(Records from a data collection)
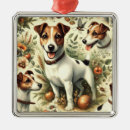 Suche nach jack russell ornamente Welpe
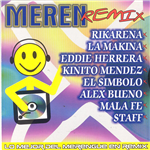 Carátula de: Merenmix - Lo mejor del merengue en remix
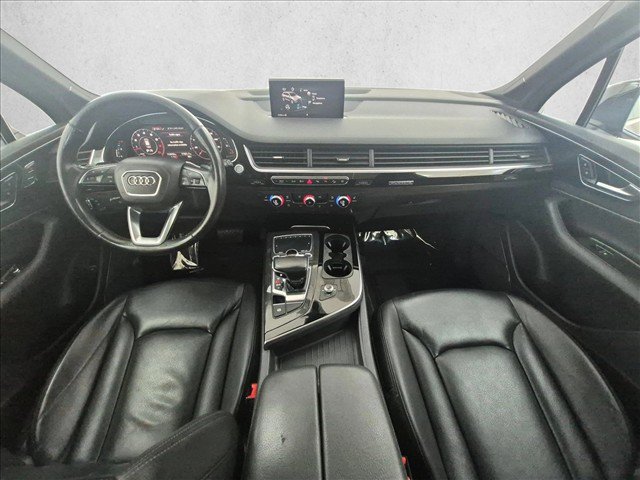 Used 2019 Audi Q7 3.0T Premium Plus w/ Premium Plus Package AWD/4WD image 20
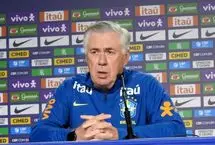 برزیل یک «بله» دیگر از آنچلوتی گرفت!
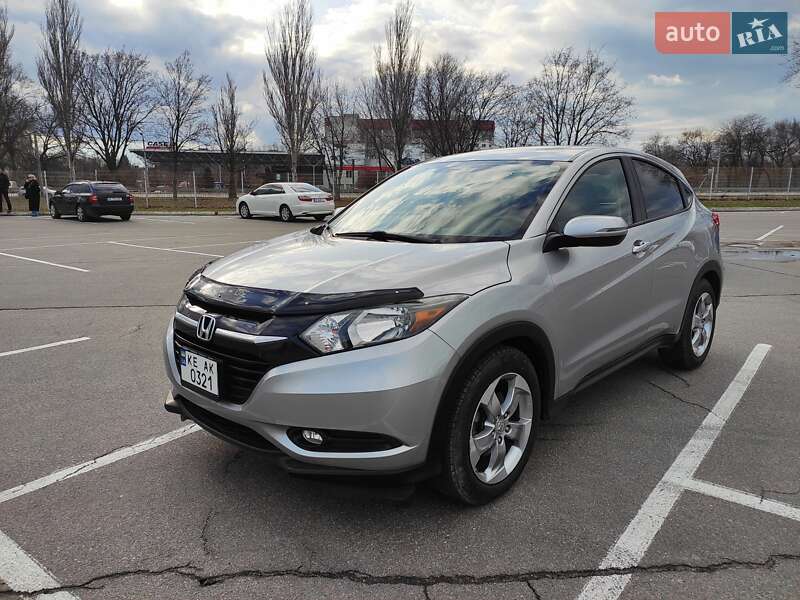 Honda Hr-v (2017)
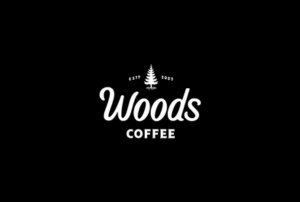 Woods Coffee Logo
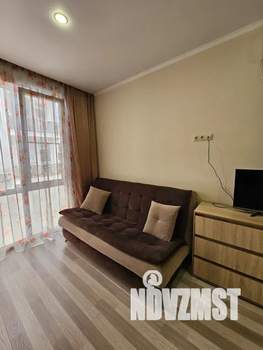 1-к квартира, посуточно, 36м2, 3/5 этаж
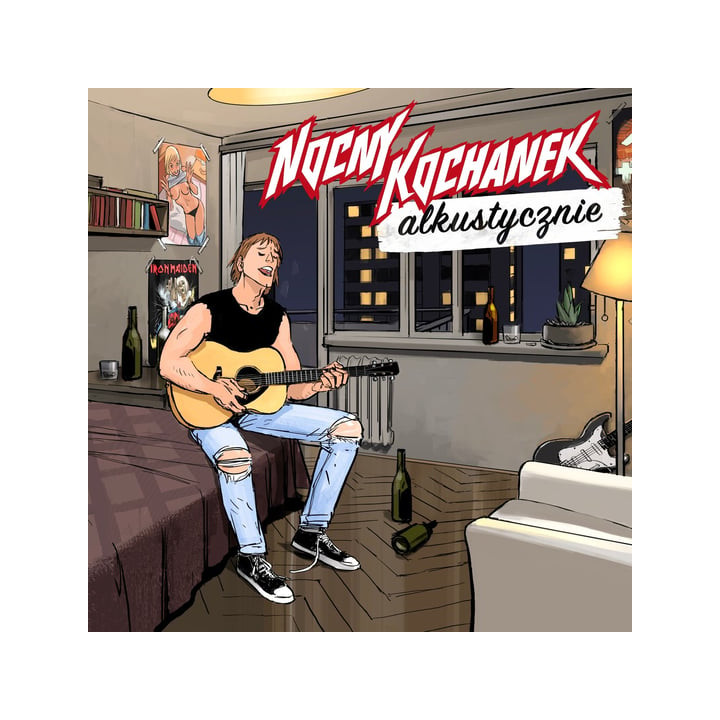 Nocny Kochanek - Alkustycznie (CD)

## What you are asked to do
Copy the lines from the line that contains "Woods Coffee Logo" through the end of the records, exactly and with nothing added; leave the pictures out.

## Output of the task
 Woods Coffee Logo
 1-к квартира, посуточно, 36м2, 3/5 этаж
 Nocny Kochanek - Alkustycznie (CD)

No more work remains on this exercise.